Perhaps it is the instinctive drive towards the redemptive inculcated by so many movies. Perhaps it is the narrative habit learned from studying literature, or maybe there is that magic of what is Really Going On at work within this seemingly empty tableau of human male ineptitude in the face of nature.  What I now believe is going on pivots on all of Ottoway's reflecting back on those times in bed with his wife and his awakening after the plane crash. 

We know by the end of the film that his wife has not left him, but has died. So laying on those snowy white sheets with her as she died of some unnamed illness also foreshadows his own laying on the white sheet of snow. Ottoway also states at one point that he was raised by an Irish Catholic father, hence suicide would have been a mortal sin punishable by eternal damnation. Well what is better damnation than for a man who's job entails protecting men from harm to be incapable of doing so? He awakens after the crash alone in a field of white with snow blowing wildly around him, and he must walk a dozen yards or so to look down on the plane wreckage. If you believe that the religious tenants of his faith will structure his afterlife, then the whole movie is the result of Ottoway's suicide the night before the flight. And his hell is one in which every decision he makes causes the death of more men - leaving the downed airplane being the worst and most important. 
 
Additionally, I felt it was suggested that the random assemblage of survivors represent different pieces of who Ottoway is as well. The nervous but communicative man (who incidentally was the only one arguing for staying with the plane) dies first, out in the open, as the men begin to rely more on physical endurance and less on logic and reason. The Token, sick and coughing constantly, is the memory of his ailing wife who eventually succumbs to disease/cold, and who he is unable to save. The family man dies next by failing to survive his 'leap of faith' across a freakishly deep gorge - his tether was a patchwork of clothing pieces from each man, it failed to hold him aloft, and allowed him to fall and be eaten by wolves.

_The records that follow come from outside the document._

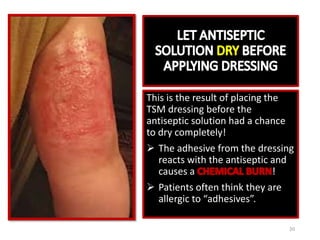 This is the result of placing the
TSM dressing before the
antiseptic solution had a chance
to dry completely!
 The adhesive from the dressing
reacts with the antiseptic and
causes a !
 Patients often think they are
allergic to “adhesives”.
8/11/2017 20
 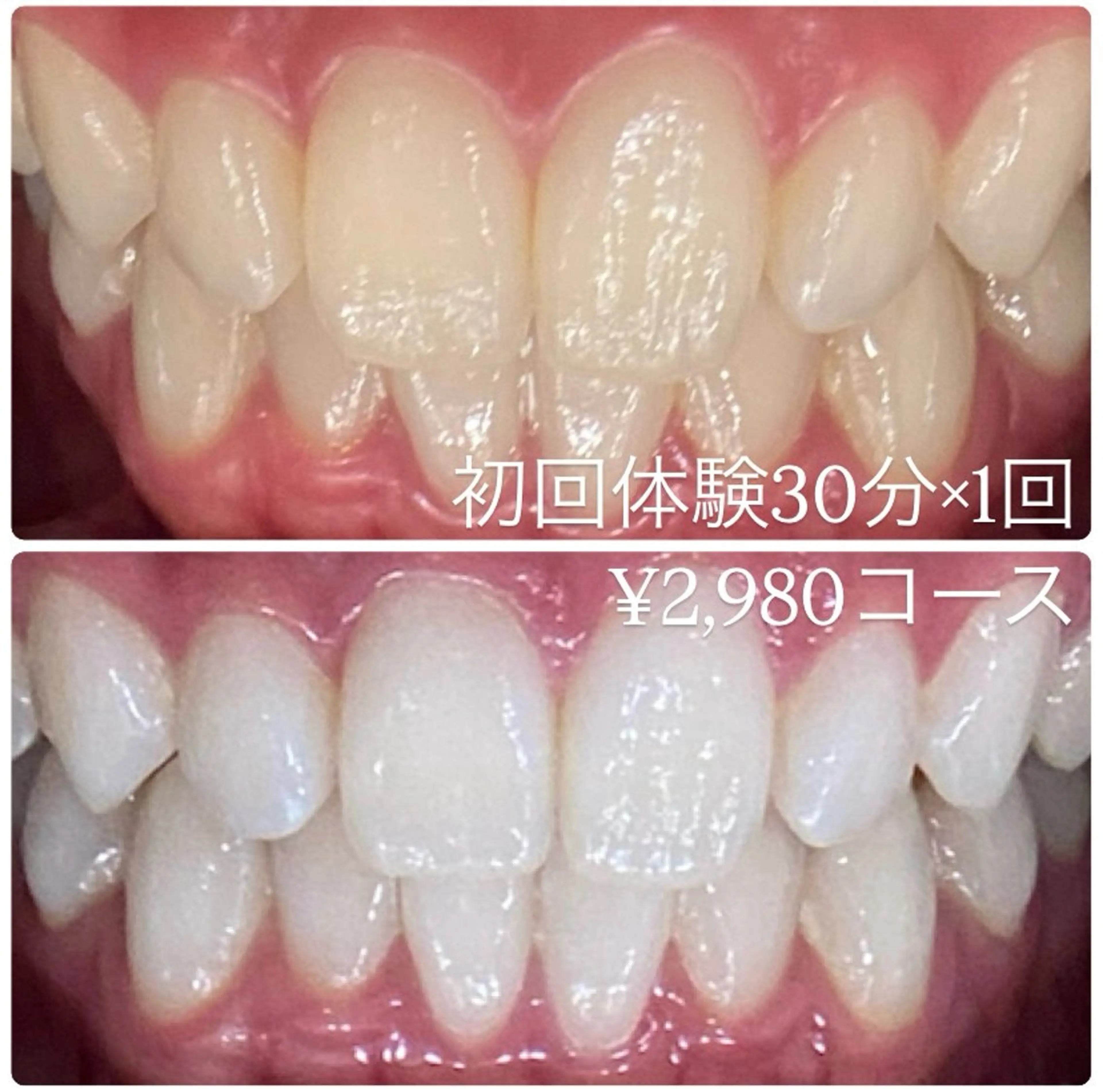 ホワイトニングルーム 横浜店のその他イメージ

We were particularly angry in watching the movie that the Hispanic "criminal" character simply gives up, and sits down to die after being so strong and determined the entire film. But his death makes sense if he represents the fighter part of Ottoway; the part that wanted to survive, but gave up the night before by killing himself. If the criminal is his fighting spirit, then the rest makes much more sense. They even have the same first name: John. 

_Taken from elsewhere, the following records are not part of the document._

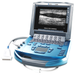 Sonosite MicroMaxx Ultrasound Machine (Refurbished) - 1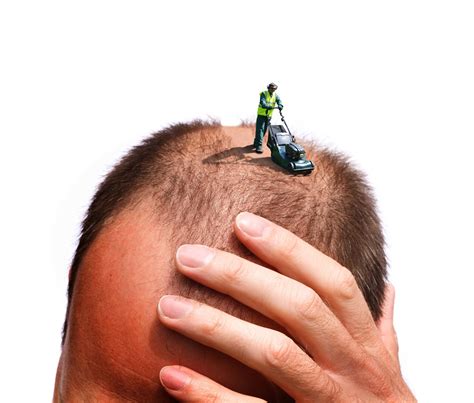 male pattern baldness | Hair advertising, Male pattern baldness, Hair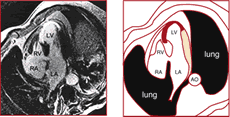 Imaging of the heart in horizontal long axis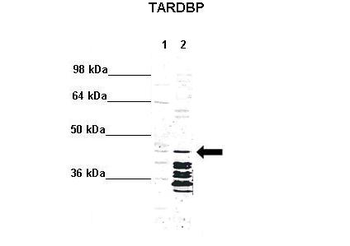 TARDBP Rabbit Polyclonal Antibody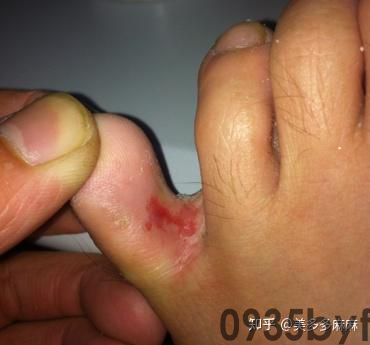 糜烂性脚癣症状有哪些(图1) 糜烂性脚癣症状有哪些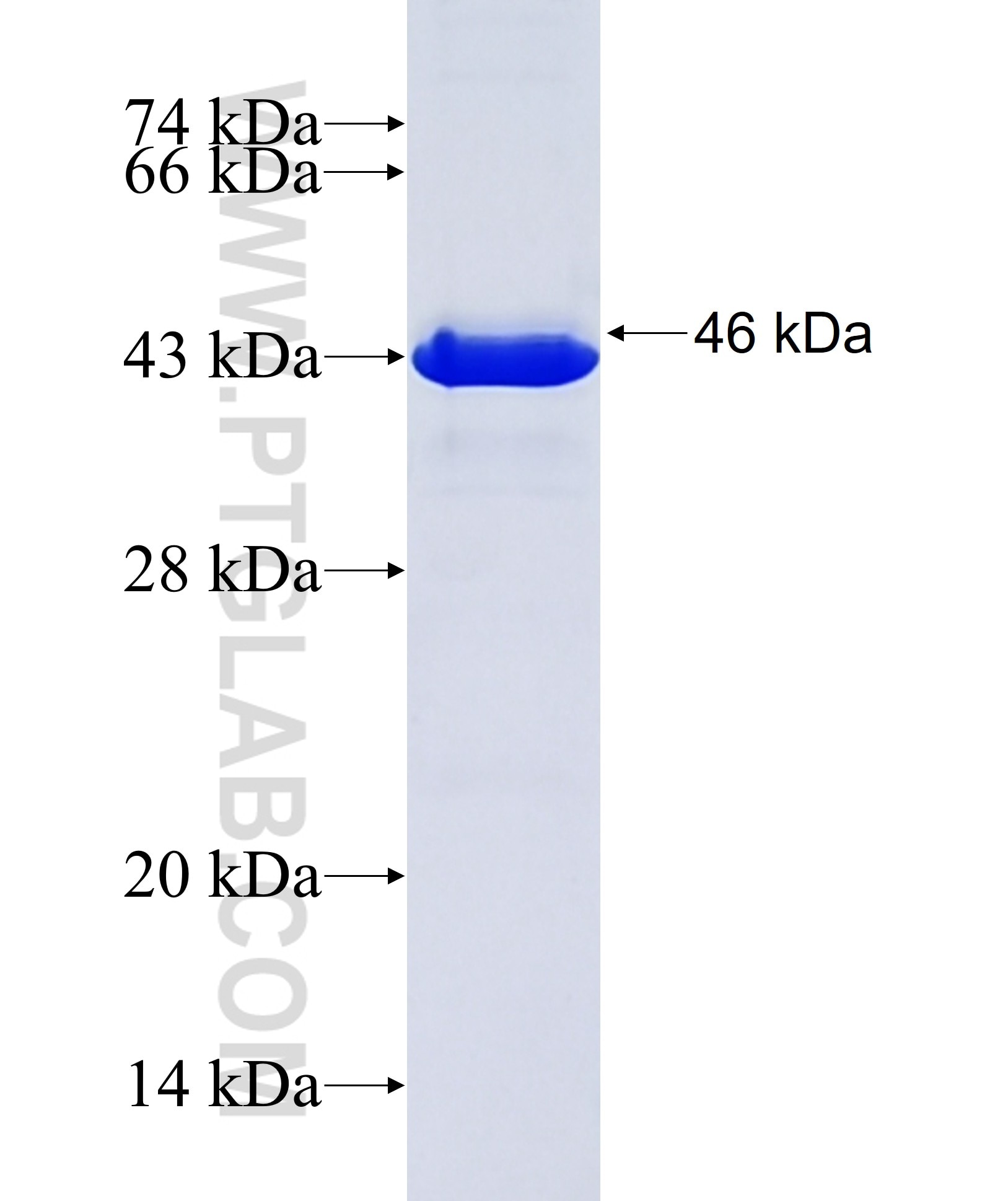SDCCAG3 fusion protein Ag9093 SDS-PAGE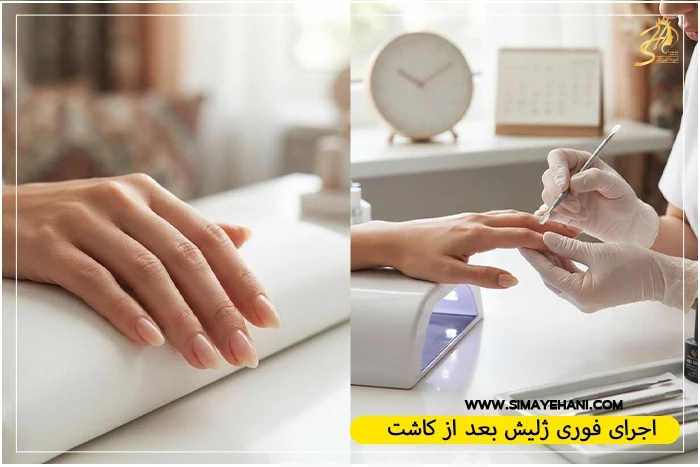 بهترین زمان ژلیش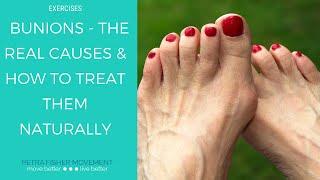 Bunions - the Real Causes & Natural Solutions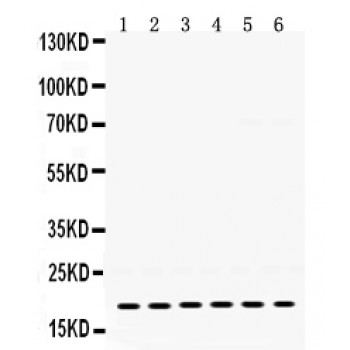 PTP4A2 / PRL-2 Antibody - PTP4A2 antibody Western blot. All lanes: Anti PTP4A2 at 0.5 ug/ml. Lane 1: Rat Skeletal Muscle Tissue Lysate at 50 ug. Lane 2: Rat Thymus Tissue Lysate at 50 ug. Lane 3: Mouse Brain Tissue Lysate at 50 ug. Lane 4: Mouse Thymus Tissue Lysate at 50 ug. Lane 5: 22RV1 Whole Cell Lysate at 40 ug. Lane 6: MCF-7 Whole Cell Lysate at 40 ug. Predicted band size: 19 kD. Observed band size: 19 kD.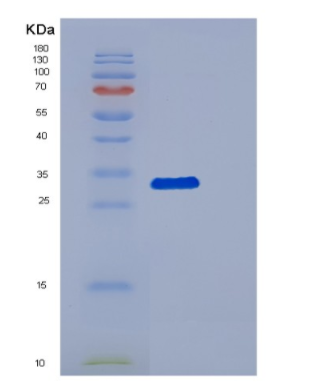 Recombinant Human DCAF7 Protein,Recombinant Human DCAF7 Protein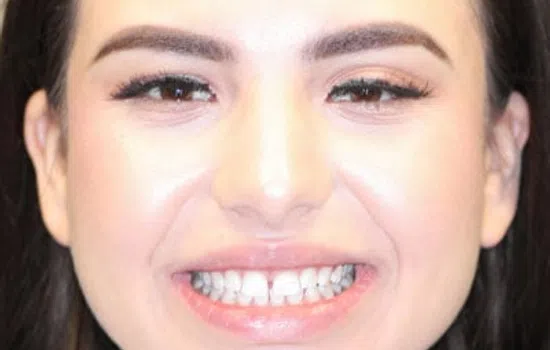 Before and after images showing a person’s teeth with gaps and after dental treatment, smiling widely.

The next to last man dies by drowning, but only because his foot is stuck in a very easily handled way, but Ottoway does not duck his head under water and pull the man's foot out! So simple, this baptism gone horribly wrong, wherein to just dive under water (he's already soaking wet) and remove the man's foot from the crack between two rocks - but he doesn't. And just before falling into the water the man confides that he saw Ottoway contemplating suicide the night before and recognized the look in his eyes after seeing it in the criminal man's eyes when he sat down to die a few moments before. He asks Ottoway about the look, and prods him, almost as if he were his Conscious and the final obstacle to Ottoway's end... And his name is Peter by the way. Yes, like St. Peter who stands at the proverbial pearly gates and decides who gets in or not. 

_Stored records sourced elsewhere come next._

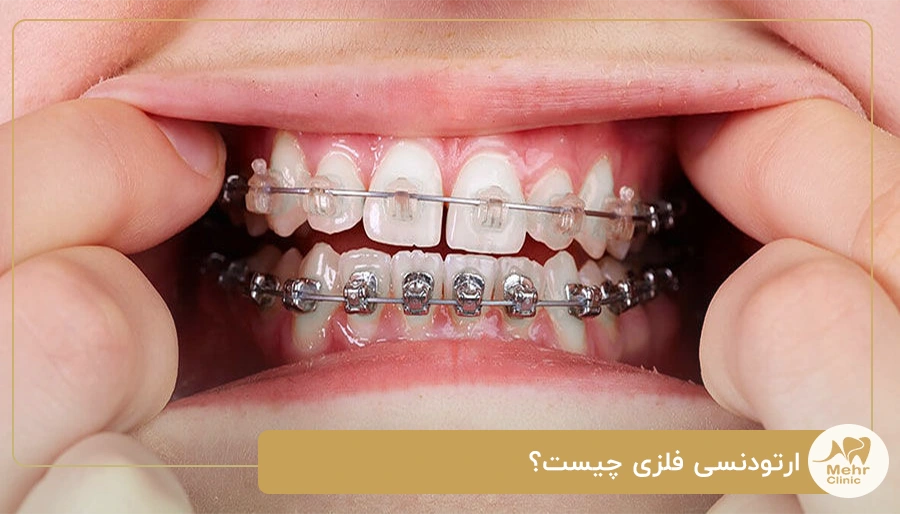 ارتودنسی فلزی چیست؟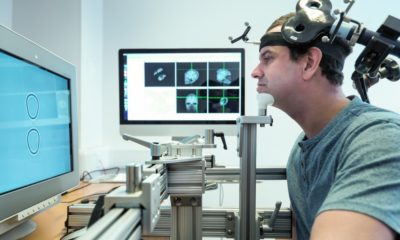 Brain stimulation might be more invasive than we think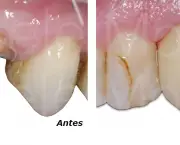 Restauração Dentária (5)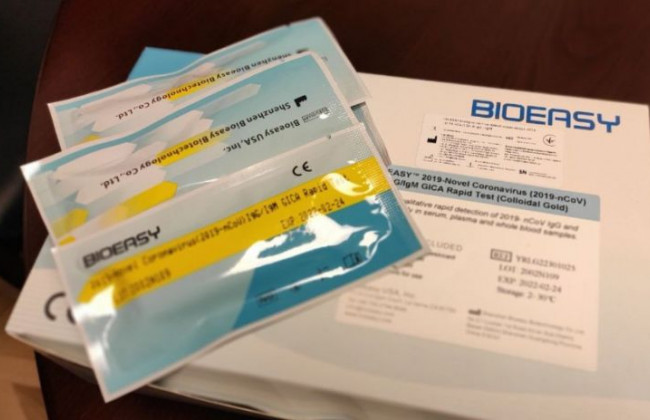 Стало відомо, яка область найбільше закупила тестів на коронавірус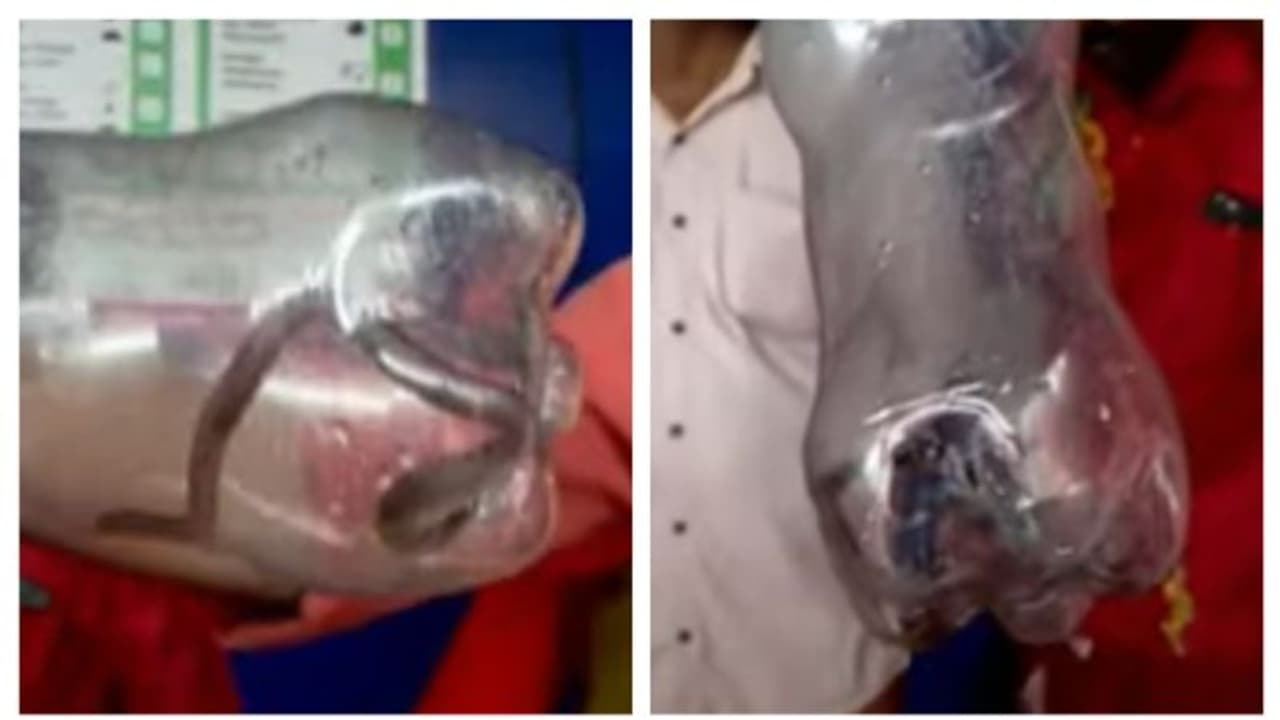 മകളുമായി സർക്കാർ ആശുപത്രിയിലെത്തിയ അമ്മയ്ക്ക് പാമ്പുകടിയേറ്റു മകളുമായി സർക്കാർ ആശുപത്രിയിലെത്തിയ അമ്മയ്ക്ക് പാമ്പുകടിയേറ്റു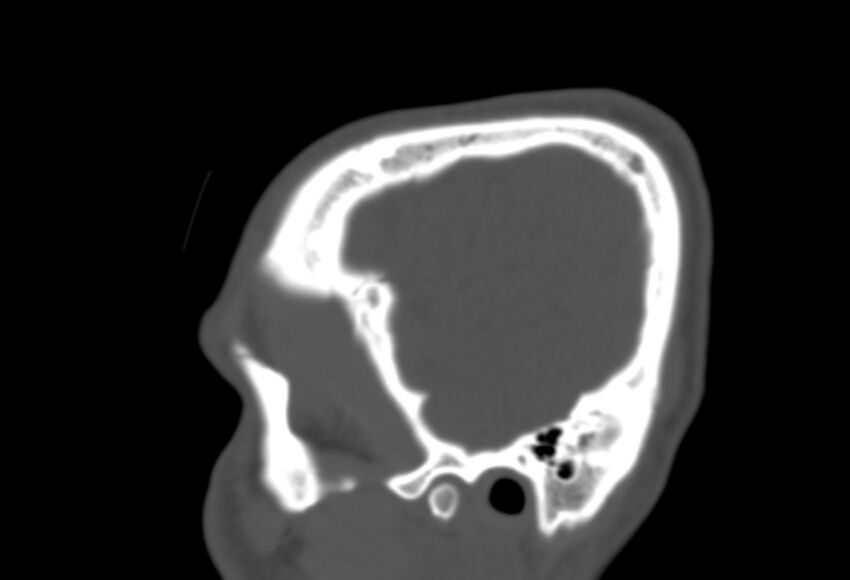 Asymptomatic occipital spur (Radiopaedia 87753-104201 Sagittal bone window 24).jpg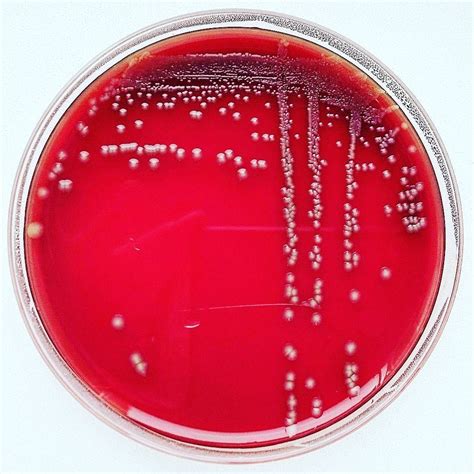 Pin Auf Microbiology By Antisocialmet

Finally, Ottoway's idea to strike out across the wide open fields, unprotected, dangerously exposed to the elements and wolves is an idea is also absolutely sensible if this is a man who had planned to, and I believe did, commit suicide. One could say that since he was suicidal, his choices may be simply attributable to this fact and not some freaky trip through his own Jacob's Ladder of terror. But, as a man responsible for the survival of others and well versed, presumably, in the survival needs for the region, his decision to leave the craft and offhanded remarks about the company failing to find them is more easily read as part of his punishing afterlife trip than as shamefully poor character development. Bad decisions in life lead to bad decisions in death - now that's narrative structure and character development I can get behind!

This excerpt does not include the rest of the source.